To do: Transcribe the listing exactly as written. Leave the images out.

Supplied material:
[Start of Attachment]
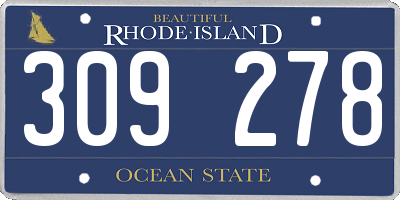 RI license plate 309278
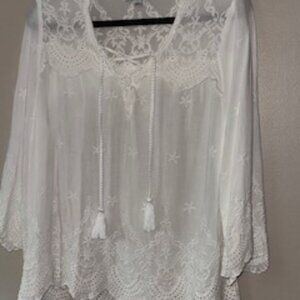 White Sheer Boho Blouse – Size Large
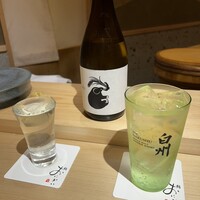 浅草橋 鮨 うらおにかい - 白州があったのは嬉しい！！早速白州で乾杯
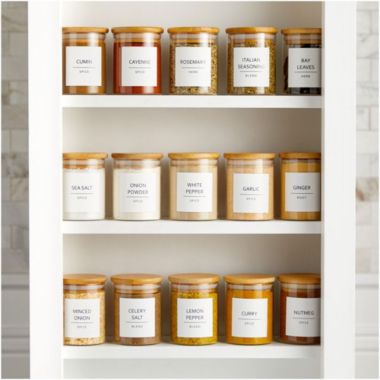 Talented Kitchen 184 Spice Jar Labels Preprinted, Minimalist Black Text on White Square Seasoning Stickers with Names, Numbers, Expiration Date for Herb and Spice Rack Organization (Water Resistant). View a larger version of this product image.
[End of Attachment]
Output of the task:
 RI license plate 309278
 White Sheer Boho Blouse – Size Large
 浅草橋 鮨 うらおにかい - 白州があったのは嬉しい！！早速白州で乾杯
 Talented Kitchen 184 Spice Jar Labels Preprinted, Minimalist Black Text on White Square Seasoning Stickers with Names, Numbers, Expiration Date for Herb and Spice Rack Organization (Water Resistant). View a larger version of this product image.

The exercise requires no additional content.